= The Mythic Circle =

American magazine

The Mythic Circle is an illustrated fiction magazine published annually by the Mythopoeic Society containing short fiction and poetry.

==History and profile==
Founded in 1987 by Sherwood Smith and Lynn Maudlin, The Mythic Circle started as a quarterly zine designed to function as a writers' workshop in print and featured a very active letters column. After several years the enthusiastic submissions of aspiring writers and the challenge of publishing on a quarterly schedule took their toll and the zine changed to thrice-annually, then twice-annually, and finally became an annual publication. After Sherwood Smith and Lynn Maudlin retired as co-editors, Tina Cooper served as editor for several years with Lynn Maudlin continuing as production editor.

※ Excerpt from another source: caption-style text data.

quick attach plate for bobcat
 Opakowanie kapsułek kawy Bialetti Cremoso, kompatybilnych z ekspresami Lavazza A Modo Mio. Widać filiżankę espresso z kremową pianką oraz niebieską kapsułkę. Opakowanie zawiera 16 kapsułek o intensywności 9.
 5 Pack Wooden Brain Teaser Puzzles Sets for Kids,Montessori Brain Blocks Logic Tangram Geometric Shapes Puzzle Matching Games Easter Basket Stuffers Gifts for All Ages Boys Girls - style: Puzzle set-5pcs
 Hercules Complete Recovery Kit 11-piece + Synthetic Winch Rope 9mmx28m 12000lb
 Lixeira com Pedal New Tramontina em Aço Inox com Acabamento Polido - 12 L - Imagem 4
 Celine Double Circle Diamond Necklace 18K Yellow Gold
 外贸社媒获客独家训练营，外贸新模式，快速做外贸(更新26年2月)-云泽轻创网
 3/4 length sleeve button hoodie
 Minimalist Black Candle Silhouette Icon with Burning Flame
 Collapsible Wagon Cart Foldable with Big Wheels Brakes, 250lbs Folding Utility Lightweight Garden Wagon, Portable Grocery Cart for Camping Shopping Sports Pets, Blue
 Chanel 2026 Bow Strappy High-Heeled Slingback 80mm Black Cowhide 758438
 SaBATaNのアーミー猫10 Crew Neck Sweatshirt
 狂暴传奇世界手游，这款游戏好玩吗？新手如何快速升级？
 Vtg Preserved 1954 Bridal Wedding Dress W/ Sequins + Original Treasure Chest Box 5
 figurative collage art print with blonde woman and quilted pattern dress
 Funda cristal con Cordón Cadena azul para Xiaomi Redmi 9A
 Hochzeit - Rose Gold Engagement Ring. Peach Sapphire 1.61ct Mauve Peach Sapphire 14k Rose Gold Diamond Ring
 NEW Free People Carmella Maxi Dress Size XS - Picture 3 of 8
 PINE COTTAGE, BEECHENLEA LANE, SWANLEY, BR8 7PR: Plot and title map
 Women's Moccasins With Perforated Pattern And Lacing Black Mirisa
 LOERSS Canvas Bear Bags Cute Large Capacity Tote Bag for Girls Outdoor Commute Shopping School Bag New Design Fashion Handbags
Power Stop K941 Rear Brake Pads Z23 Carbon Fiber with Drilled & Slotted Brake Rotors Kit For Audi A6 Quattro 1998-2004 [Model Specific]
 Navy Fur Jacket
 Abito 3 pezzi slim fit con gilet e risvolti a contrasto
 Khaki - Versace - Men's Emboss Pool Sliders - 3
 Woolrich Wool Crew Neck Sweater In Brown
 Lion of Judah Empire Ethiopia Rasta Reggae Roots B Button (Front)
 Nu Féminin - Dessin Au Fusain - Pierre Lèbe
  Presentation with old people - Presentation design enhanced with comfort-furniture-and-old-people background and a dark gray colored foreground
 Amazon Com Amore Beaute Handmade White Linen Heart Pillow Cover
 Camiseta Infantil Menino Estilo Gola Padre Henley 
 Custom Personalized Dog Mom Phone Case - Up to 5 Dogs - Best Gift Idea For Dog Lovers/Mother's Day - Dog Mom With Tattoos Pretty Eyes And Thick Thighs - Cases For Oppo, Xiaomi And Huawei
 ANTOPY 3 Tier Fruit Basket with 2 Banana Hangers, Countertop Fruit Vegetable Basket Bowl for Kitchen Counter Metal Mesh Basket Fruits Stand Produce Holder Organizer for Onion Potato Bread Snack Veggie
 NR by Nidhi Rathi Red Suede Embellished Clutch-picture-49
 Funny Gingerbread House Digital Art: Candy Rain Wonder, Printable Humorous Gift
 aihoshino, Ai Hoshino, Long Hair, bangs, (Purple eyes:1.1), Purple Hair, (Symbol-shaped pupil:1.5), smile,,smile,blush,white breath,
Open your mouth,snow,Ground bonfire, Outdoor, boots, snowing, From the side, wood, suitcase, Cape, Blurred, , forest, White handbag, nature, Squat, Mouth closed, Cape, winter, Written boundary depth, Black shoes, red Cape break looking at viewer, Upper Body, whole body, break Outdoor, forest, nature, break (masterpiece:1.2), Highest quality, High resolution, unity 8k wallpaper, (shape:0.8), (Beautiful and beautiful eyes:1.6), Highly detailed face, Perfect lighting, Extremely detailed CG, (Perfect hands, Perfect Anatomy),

Following Tina Cooper's tenure, Gwenyth Hood served as editor for twenty-two years, stepping down in 2020. The current editors of The Mythic Circle are Victoria Gaydosik, fiction and visual art, and Nolan Meditz, poetry and visual art.

==Access and availability==
Most issues of the magazine are still available for purchase from The Mythopoeic Society at the Mythic Circle website or can be accessed through the official archive, hosted by Southwestern Oklahoma State University Libraries. Free access to the archive is available after a one-year embargo.